The Senate committee refused to accept the Members Election Commission Salary Bill as a money bill, which the government had moved to give a legal cover to these payments.
The government tabled the Members Election Commission Salary, Allowances, Perks and Privileges Bill 2016 in the meeting of the Senate’s Standing Committee on Finance as a ‘Money Bill’. In such cases, the Senate does not have powers to vote, unlike a normal piece of legislation where the upper house of parliament can approve or disapprove it.
Terming the move ‘unprecedented’ and ‘unconstitutional’, the committee said that there was no precedent when salaries of even constitutional position holders were approved by way of a money bill.
The government had moved the bill to pay the salaries to the four members of the ECP equivalent to salary drawn by a sitting judge of a high court. The ECP is a constitutional body mandated to hold elections in the country.

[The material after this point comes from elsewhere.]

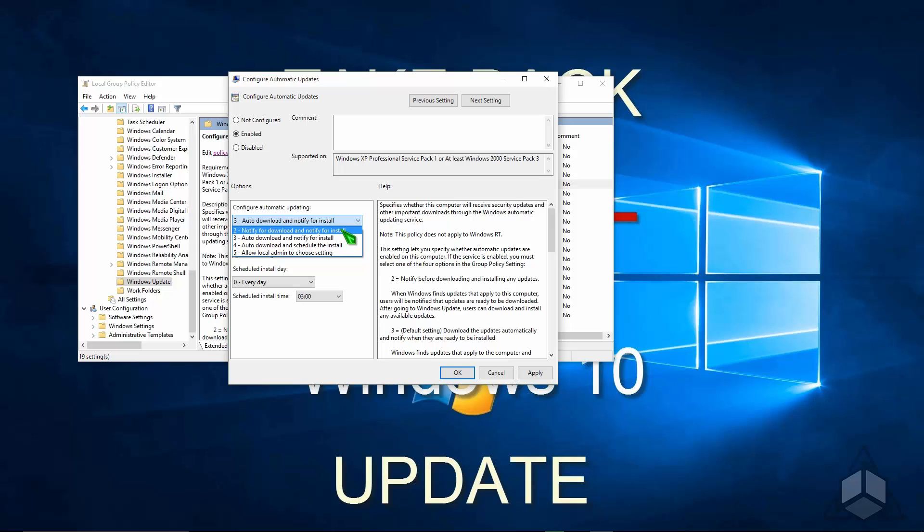Item number two, you might choose if you want a little more control over when they get downloaded. I think I'll pick item number two, that way it'll notify us when they are ready to be downloaded, and then also when they're installed.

To the surprise of the committee, ECP officials disclosed that they were regularly getting salaries, although there was no legal provision for authorising such payments.

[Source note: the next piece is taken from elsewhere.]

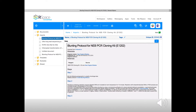For your convenience, imported metadata regarding the original source, published date, and original authors will accompany the imported protocol, along with all the live links, images, and structured text such as tables.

Just minutes prior to the disclosure, Finance Secretary Dr Waqar Masood told the committee that the ECP team was working on honorary basis and were “getting only travel allowances and daily allowances”.
“You have misled the committee,” remarked chairman of the committee Senator Saleem Mandviwalla of the PPP when the ECP officials revealed that they had been receiving salaries equivalent to the salary of a high court judge since June 2011 –when they were appointed for a fixed five-year term.

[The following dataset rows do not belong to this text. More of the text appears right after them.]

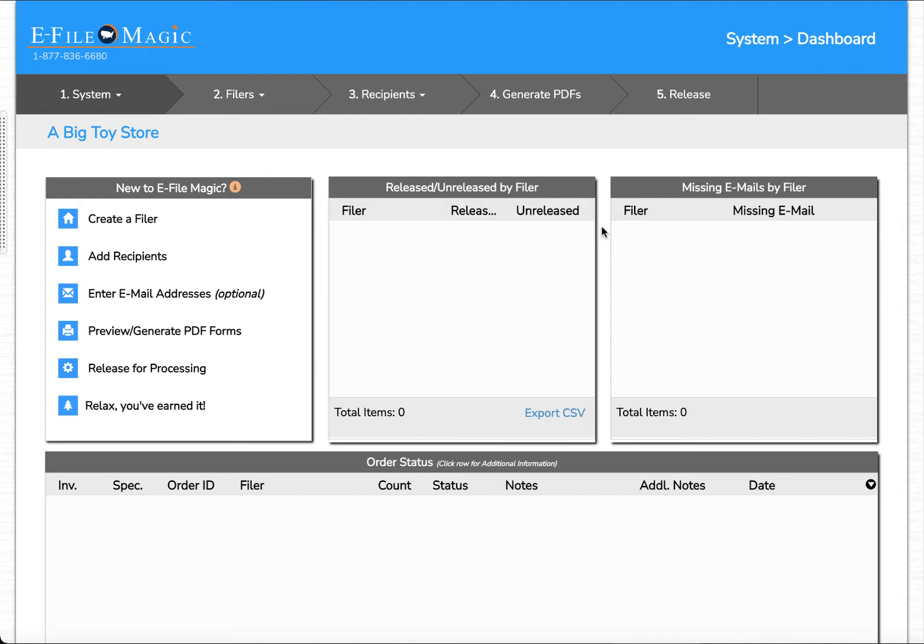In this video we're going to be demonstrating how to create a 1099 NEC form within the eFile Magic system. As soon as we log in we're going to be presented with a dashboard screen.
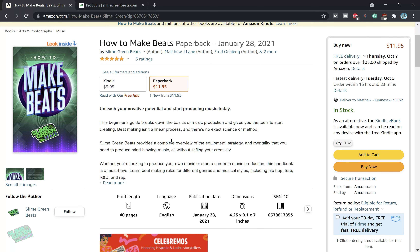Hey y'all, check out the How to Make Beats book, brought to you by Slyon Green Beats. Beginner and intermediate beat makers — pretty much everyone should cop this. You can definitely learn something. We cover a lot of different topics in it.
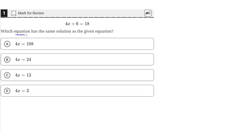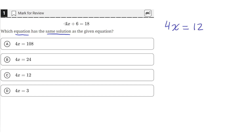Which equation has the same solution as the given equation? We're given the equation 4x plus 6 equals 18, and we can simplify this to 4x equals 12 by subtracting 6 from both sides of the equation, effectively moving the 6 to the other side and subtracting it from 18.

Mandvialla said that the government was using parliament as a ‘rubber stamp’.
An official clarified that the monthly pay package of a high court judge was around one million rupees, including a salary of Rs527,270, judicial allowances worth Rs207,207 and a house rent of Rs65,000.
“It is highly unfair and illegal to give salaries to members of the ECP without any legal cover,” said Senator Mohsin Legahri.
Official documents showed that the ECP had directly written to Accountant-General of Pakistan Revenue to disburse the salaries to its members, bypassing the finance ministry.
Later, the finance ministry had concurred with the ECP, paving the way for uninterrupted payment of salaries since 2011.
The finance secretary said that the AGPR was making provisional payments to ECP members and if parliament did not approve the pay package, the salaries will be recovered from the ECP members.
The committee’s chairman said that the move to get the bill passed as money bill was aimed at depriving the Senate from its constitutional right of casting vote. The committee was of the unanimous opinion that the bill did not fit the definition of a Money Bill.
Usually, the finance ministry moved money bills but the ECP members salary bill was moved by the parliamentary affairs ministry.
Published in The Express Tribune, April 22nd, 2016.